In enterprise environments, you often need to route application logs to multiple destinations based on some criteria. Fluent Bit routes logs based upon configuring tag and match fields for each plugin.

In order to route logs to multiple destinations, we need to configure the following:

  1. an input plugin to read logs from all application containers with a generic source tag.
  2. multiple output plugins (sending logs to different destinations) each with a specific match value.
  3. a filtering or transformation mechanism that examines the log record and modifies the source tag with an appropriate destination tag.
  4. a filter to add Kubernetes metadata to each log record. This metadata will be used to evaluate the destination tag.

In Fluent Bit, the filtering mechanism can be performed using the Rewrite Tag filter, which evaluates a log record against a regular expression. If the expression passes, then the source tag is modified.

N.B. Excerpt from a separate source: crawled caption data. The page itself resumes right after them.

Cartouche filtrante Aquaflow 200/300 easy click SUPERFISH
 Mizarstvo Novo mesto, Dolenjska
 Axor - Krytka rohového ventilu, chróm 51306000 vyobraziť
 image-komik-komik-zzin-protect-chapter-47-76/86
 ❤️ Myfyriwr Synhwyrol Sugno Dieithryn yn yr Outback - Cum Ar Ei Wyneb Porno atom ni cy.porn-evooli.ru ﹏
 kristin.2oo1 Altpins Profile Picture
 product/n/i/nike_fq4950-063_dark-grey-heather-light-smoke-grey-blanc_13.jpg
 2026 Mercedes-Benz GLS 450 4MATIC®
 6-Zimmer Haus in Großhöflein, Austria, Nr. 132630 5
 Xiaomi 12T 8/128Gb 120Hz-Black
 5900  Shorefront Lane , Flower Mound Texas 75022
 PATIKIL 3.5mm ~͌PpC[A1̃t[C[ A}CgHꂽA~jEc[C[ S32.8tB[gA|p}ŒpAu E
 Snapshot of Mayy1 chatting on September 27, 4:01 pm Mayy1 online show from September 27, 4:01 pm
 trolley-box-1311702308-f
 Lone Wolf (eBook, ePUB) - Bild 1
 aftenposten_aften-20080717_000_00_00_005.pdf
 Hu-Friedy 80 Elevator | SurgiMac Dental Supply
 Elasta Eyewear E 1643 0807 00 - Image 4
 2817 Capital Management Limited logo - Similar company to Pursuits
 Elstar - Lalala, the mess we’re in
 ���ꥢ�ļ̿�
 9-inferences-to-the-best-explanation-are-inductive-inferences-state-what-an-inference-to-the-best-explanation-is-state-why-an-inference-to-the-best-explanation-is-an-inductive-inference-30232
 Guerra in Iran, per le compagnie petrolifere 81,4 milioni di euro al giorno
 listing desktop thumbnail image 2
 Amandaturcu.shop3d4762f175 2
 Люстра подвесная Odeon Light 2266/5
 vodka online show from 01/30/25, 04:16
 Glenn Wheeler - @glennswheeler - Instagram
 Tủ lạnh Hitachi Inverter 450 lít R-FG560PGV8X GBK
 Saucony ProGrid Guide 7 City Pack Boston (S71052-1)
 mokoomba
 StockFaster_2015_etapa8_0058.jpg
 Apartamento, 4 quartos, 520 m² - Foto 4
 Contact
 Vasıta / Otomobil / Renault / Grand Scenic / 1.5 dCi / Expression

But this filter operates only with regular expressions (regex). This restricts us from defining very intricate conditions. To illustrate, consider a Kubernetes Pod having the labels below:

apiVersion: v1

kind: Pod

metadata:

  name: my-sample-pod

  labels:

    region: “ap-south-1”

    tenant: “private-a1”

    has-sensitive-data: “true”

We may have a requirement that if an application has label tenant equal to private-a1 and region equal to ap-south-1 and has-sensitive-data equal to true then we need to route these logs to S3 in ap-south-1 region.

Evaluating these conditions using regex would be extremely difficult.

However, with the Fluent Bit Wasm plugin, we can create a filter that facilitates retagging under multiple conditions. These conditions can incorporate logical and arithmetic operations, spanning several expressions — essentially, the capabilities we harness in conventional programming.

With the use case explained, let’s start by writing the Wasm program.

Writing the Wasm program

Fluent Bit has no additional requirements for executing Wasm plugins. We just need to write a program in a language that can compile to Wasm. We’ll be using Golang, but it could just as easily be done in any other language that Wasm supports. 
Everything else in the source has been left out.